We often deal with survey or count data. This might come in public forms such as opinion poll data preceding an election, or from your own data when you email out a survey, or count kinds of errors in a user study.

So when you find that 27% of the users in your study had a problem, how confident do you feel in using this to estimate the level of prevalence amongst users in general? If you did a bigger study wit more users would you be surprised if the figure you got was actually 17%, 37% or 77%?

You can work out precise numbers of this, but in this video I’ll give a simple rule of thumb method for doing a quick estimate.

We’re going to deal with this by looking at three separate cases.

First when the number you are dealing with is a comparatively small proportion of the overall sample.

For example, assume you want to know about people’s favourite colours. You do a survey of 1000 people at 10% say their favourite colour is blue. The question is how reliable this figure is. If you had done a larger survey, would the answer be close to 10% or could it be very different?

The simple rule is that the variation is 2 x the square root number of people who chose blue.

To work this out first calculate how many people the 10% represents. Given the sample was 1000, this is 100 people. The square root of 100 is 10, so 2 times this is 20 people. You can be reasonably confident (about 95%) that the number of people choosing blue in your sample is within +/- 20 of the proportion you’d expect from the population as a whole. Dividing that +/-20 people by the 1000 sample, the % of people for whom blue is their favourite colour is likely to be within +/- 2% of the measured 10%.

The second case is when you have a large majority who have selected a particular option.

For example, let’s say in another survey, this time of 200 people, 85% said green was their favourite colour.

This time you still apply the “2 x square root” rule, but instead focus on the smaller number, those who didn’t choose green. The 15% who didn’t choose green is 15% of 200 that is 30 people. The square root of 30 is about 5.5, so the expected variability is about +-11, or in percentage terms about +/- 5.5%.

That is the real proportion over the population as a whole could be anywhere between 80% and 90%.

Notice how the variability of the proportion estimate from the sample increases as the sample size gets smaller.

Finally if the numbers are near the middle, just take the square root, but this time multiply by 1.5.

For example, if you took a survey of 2000 people and 50% answered yes to a question, this represents 1000 people. The square toot of 1000 is a bit over 30, so 1.5 times this is around 50 people, so you expect a variation of about +/- 50 people, or about +/- 2.5%.

Opinion polls for elections often have samples of around 2000, so if the parties are within a few points of each other you really have no idea who will win.

For those who’d like to understand the detailed stats for this (skip if you don’t!) …

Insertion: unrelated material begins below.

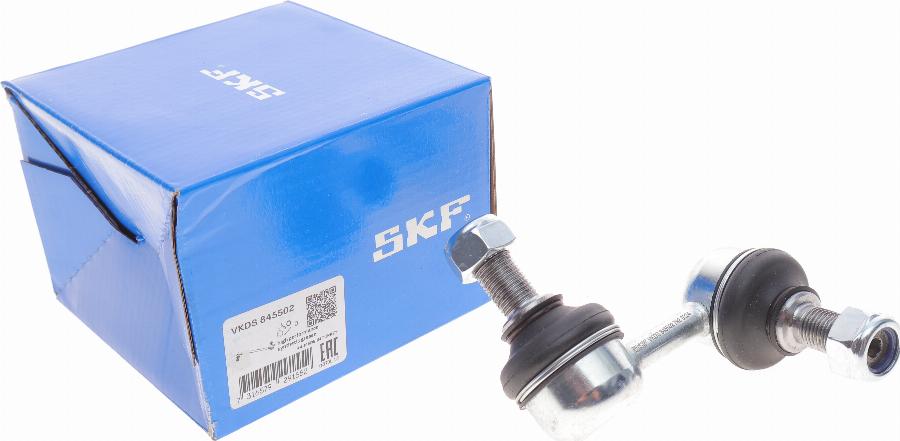 SKF VKDS 845502 - Тяга / стійка, стабілізатор avtolavka.club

These three cases are simplified forms of the precise mathematical formula for the variance of a Binomial distribution *np(1-p)*, where n is the number in the sample and p the true population proportion for the thing you are measuring. When you are dealing with fairly small proportions the *1-p* term is close to 1, so the whole variance is close to *np*, that is the number with the given value. You then take the square root to give the standard deviation. The factor of 2 is because about 95% of measurements fall within 2 standard deviations. The reason this becomes 1.5 in the middle is that you can no longer treat (1-p) as nearly 1, and for p =0.5, this makes things smaller by square root of 0,5, which is about 0.7. Two times 0,7 is (about) one and half (I did say quick and dirty!).

However, for survey data, or indeed any kind of data, these calculations of variability are in the end far less critical than ensuring that the sample really does adequately measure the thing you are after.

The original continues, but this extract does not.